Par ailleurs, l’amiral Prazuck a eu un mot sur l’opération Hamilton, au cours de laquelle deux frégates multimissions ne furent pas en mesure de tirer leurs missiles de croisière navals [MdCN]. Pour rappel, menée dans la nuit du 13 au 14 avril dernier par la France, les États-Unis et le Royaume-Uni, cette dernière visa la programme chimique syrien, après une attaque attribué à Damas contre la localité de Douma, dans la Gouhta orientale.

Ainsi, sans entrer dans les détails, le CEMM a fait état d’éléments « techniques », sur lesquels il a été « demandé aux industriels d’investiguer ». Et d’indiquer que « les points précis ont été identifiés » et que « les mesures d’amélioration du système sont prises – et le seront pour l’ensemble des bateaux. » Mais pas seulement.

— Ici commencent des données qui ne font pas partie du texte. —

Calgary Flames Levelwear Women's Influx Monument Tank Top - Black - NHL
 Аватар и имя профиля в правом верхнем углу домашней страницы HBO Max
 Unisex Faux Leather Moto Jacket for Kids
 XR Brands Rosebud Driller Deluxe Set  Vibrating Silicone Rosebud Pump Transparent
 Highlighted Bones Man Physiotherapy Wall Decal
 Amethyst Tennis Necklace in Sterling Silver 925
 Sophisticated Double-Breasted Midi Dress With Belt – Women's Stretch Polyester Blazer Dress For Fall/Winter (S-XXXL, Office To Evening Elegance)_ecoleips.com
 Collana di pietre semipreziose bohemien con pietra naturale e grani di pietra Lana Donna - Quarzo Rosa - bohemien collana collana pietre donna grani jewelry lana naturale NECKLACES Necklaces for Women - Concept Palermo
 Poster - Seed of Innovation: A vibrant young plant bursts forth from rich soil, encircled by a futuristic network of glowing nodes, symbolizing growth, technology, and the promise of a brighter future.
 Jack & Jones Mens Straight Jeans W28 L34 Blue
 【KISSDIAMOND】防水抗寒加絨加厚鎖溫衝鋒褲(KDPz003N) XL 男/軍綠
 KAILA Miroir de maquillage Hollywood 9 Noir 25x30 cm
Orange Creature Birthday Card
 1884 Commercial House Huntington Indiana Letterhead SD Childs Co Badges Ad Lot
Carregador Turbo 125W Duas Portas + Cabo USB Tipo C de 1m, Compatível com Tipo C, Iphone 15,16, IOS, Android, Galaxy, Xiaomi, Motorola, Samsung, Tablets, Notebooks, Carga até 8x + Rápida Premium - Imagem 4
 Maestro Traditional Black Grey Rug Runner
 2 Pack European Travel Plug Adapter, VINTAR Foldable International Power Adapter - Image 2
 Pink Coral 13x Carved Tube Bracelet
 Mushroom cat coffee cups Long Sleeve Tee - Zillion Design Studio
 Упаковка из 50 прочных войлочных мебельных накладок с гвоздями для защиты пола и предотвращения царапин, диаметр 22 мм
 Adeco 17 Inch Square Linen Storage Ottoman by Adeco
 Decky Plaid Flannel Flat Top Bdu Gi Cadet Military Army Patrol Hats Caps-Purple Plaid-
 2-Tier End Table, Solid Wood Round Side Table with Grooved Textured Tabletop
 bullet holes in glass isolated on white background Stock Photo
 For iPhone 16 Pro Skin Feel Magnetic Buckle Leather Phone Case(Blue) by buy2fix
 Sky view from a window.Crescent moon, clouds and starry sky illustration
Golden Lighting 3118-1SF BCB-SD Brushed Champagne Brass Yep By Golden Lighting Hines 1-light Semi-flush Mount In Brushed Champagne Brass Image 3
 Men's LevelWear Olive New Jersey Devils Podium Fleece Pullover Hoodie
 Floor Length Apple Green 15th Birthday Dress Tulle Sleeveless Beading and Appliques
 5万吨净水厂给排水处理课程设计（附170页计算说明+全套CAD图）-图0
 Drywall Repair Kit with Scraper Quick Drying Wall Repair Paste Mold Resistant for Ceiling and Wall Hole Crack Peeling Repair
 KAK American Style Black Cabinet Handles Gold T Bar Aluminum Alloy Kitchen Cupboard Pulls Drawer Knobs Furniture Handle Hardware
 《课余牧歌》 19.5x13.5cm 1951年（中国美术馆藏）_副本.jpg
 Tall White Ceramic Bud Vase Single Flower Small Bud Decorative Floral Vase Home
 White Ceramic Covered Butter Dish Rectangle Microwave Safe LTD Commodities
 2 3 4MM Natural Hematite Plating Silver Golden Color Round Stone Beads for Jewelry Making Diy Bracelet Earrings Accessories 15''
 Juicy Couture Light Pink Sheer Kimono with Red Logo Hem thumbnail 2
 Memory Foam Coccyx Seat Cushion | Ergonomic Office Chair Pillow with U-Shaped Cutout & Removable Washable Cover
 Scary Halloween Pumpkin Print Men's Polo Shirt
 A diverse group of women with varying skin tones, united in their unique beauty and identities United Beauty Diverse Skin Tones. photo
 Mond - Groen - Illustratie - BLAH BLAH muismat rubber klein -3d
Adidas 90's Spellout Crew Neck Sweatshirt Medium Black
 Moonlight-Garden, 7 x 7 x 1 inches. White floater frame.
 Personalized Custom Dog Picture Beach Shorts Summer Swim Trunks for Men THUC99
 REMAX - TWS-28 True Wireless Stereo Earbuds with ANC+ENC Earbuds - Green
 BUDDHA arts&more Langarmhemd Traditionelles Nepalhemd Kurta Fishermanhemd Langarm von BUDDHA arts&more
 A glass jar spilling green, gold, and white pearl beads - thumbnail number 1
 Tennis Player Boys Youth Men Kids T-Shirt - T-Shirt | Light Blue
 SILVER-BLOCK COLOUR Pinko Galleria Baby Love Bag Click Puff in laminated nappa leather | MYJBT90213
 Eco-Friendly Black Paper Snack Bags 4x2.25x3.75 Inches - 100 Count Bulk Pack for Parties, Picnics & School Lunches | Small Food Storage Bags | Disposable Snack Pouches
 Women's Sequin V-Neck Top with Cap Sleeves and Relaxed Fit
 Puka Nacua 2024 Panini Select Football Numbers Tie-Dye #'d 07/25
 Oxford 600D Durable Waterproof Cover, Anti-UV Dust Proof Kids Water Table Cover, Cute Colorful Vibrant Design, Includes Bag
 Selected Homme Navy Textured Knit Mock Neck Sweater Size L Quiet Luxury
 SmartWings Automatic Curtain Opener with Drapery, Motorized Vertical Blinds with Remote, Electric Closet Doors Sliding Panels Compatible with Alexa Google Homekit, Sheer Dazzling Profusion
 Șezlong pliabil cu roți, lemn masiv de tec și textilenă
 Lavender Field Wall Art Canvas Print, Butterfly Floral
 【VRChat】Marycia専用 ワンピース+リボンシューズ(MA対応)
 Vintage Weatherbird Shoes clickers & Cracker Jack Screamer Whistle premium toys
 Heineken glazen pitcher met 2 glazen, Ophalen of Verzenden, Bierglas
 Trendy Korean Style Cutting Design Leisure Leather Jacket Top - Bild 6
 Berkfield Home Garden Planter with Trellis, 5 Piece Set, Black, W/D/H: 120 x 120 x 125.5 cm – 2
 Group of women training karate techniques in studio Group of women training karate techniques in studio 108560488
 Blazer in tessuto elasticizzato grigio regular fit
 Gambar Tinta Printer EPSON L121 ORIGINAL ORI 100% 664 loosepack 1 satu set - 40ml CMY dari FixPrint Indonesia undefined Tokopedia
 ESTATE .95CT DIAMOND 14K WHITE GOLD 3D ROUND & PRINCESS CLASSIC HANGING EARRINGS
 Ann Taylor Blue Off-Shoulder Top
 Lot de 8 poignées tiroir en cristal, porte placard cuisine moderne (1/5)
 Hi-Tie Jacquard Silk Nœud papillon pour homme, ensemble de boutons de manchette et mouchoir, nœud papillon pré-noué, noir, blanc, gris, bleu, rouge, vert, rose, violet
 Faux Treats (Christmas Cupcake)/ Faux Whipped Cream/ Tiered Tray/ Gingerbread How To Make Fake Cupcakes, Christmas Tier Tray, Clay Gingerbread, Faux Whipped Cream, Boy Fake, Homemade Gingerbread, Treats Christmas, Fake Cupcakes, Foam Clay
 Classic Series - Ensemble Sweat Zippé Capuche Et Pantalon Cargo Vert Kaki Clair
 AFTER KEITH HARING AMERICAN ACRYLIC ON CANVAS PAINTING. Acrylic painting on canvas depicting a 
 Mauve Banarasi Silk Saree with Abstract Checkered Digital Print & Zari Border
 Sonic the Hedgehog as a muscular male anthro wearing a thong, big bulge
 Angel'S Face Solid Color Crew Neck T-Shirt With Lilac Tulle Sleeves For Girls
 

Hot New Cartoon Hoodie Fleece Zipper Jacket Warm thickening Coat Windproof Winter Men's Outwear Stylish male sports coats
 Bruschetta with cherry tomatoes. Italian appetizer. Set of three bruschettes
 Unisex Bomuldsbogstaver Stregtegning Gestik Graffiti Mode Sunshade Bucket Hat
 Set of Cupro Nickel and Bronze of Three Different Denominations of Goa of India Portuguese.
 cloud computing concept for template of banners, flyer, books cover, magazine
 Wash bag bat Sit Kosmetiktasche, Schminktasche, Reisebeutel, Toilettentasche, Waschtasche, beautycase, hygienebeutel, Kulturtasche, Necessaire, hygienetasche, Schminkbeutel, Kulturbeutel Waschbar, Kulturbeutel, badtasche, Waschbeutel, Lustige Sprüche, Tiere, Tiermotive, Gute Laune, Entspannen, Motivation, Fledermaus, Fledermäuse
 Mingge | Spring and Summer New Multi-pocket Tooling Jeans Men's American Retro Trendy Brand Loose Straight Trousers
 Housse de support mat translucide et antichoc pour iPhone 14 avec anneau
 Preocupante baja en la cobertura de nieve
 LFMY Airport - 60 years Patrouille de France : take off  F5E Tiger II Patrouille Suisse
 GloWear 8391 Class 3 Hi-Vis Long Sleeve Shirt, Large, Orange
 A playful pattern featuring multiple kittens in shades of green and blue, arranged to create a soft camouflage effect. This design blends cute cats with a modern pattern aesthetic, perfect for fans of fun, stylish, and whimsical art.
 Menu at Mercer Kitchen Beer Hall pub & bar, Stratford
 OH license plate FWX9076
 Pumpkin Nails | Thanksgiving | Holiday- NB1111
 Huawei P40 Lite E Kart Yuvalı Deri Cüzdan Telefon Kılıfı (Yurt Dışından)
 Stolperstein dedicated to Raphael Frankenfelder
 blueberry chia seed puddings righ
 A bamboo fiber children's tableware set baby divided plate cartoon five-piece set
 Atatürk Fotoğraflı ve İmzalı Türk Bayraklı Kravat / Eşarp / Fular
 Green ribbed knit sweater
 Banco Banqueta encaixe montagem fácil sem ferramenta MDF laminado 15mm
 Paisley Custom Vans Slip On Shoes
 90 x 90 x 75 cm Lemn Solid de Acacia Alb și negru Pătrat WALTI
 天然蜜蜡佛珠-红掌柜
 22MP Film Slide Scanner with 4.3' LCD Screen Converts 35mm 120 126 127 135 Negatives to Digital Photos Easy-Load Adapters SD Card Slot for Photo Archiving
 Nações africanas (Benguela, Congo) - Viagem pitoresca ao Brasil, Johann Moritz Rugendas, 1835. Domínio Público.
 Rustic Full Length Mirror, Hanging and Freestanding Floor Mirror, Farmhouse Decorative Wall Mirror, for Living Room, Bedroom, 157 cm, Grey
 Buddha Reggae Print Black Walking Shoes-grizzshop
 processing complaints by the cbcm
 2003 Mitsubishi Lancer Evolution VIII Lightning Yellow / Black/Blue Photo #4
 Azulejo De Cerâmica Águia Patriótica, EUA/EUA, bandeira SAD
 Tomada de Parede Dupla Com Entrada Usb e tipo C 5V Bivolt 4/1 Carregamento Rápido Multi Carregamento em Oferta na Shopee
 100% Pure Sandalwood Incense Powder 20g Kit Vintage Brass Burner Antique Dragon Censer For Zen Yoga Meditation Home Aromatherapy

« Vous vous souvenez de toutes les déclarations qui ont précédé l’opération Hamilton, notamment sur les réactions qu’elle pourrait déclencher, l’interception des missiles voire l’engagement des tireurs de missiles. […] Même à 1.000 kilomètres des côtes, on n’est plus, en mer, à l’abri de toute réaction. Il faut prévoir des contre-attaques et une possible réaction d’adversaires. Dans le plan Mercator, c’est la marine de combat. Il faut être capable de tirer des missiles de croisière et, dans le même moment, d’employer une panoplie anti-missiles », a expliqué l’amiral Prazuck.